--- Listed records ---

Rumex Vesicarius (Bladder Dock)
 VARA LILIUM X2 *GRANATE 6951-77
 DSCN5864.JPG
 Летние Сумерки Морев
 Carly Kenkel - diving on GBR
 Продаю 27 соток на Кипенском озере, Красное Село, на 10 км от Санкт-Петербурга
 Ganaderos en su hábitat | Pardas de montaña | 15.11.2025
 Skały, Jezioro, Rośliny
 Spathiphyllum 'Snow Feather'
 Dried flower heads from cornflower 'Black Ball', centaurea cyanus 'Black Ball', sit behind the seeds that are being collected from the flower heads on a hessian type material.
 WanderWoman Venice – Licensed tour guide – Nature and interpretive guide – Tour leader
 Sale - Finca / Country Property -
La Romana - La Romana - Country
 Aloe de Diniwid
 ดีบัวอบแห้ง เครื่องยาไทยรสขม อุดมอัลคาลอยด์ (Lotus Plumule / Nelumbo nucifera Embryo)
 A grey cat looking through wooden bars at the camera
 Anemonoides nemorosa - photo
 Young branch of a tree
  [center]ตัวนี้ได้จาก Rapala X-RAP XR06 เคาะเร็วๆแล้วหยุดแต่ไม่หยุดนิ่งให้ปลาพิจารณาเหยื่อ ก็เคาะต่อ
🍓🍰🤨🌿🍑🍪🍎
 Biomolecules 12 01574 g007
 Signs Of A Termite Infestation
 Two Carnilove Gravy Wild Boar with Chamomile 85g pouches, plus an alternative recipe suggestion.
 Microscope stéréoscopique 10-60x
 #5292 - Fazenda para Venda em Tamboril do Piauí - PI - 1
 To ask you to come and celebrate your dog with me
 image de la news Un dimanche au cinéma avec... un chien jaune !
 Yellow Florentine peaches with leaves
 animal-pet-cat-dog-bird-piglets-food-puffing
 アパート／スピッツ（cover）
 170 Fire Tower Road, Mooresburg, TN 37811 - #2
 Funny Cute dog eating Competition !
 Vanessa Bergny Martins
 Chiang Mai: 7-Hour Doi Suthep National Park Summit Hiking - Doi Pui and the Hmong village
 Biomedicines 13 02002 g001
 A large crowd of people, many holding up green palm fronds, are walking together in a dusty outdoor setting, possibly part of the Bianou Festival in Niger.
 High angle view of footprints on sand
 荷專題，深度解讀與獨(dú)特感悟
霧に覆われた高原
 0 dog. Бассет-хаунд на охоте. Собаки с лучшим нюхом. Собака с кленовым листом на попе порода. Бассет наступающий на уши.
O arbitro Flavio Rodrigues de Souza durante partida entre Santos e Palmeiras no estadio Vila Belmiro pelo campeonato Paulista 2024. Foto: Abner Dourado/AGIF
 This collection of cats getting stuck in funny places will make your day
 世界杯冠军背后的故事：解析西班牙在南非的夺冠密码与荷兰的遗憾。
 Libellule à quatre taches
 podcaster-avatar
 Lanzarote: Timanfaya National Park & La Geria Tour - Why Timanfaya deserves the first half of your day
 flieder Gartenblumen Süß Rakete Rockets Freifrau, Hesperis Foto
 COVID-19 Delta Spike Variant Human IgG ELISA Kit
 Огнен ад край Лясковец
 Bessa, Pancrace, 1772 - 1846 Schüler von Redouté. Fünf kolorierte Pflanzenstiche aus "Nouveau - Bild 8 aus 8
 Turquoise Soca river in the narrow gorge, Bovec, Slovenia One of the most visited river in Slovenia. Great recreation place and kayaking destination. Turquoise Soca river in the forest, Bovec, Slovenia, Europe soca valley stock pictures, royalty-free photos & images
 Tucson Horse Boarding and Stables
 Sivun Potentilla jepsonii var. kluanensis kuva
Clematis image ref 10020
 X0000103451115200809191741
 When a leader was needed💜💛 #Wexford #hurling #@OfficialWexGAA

---

*What is expected*.
Check each line of the data above for the word "leader" and say how many lines contain it, giving nothing besides the number.

*Answer to this task*.
2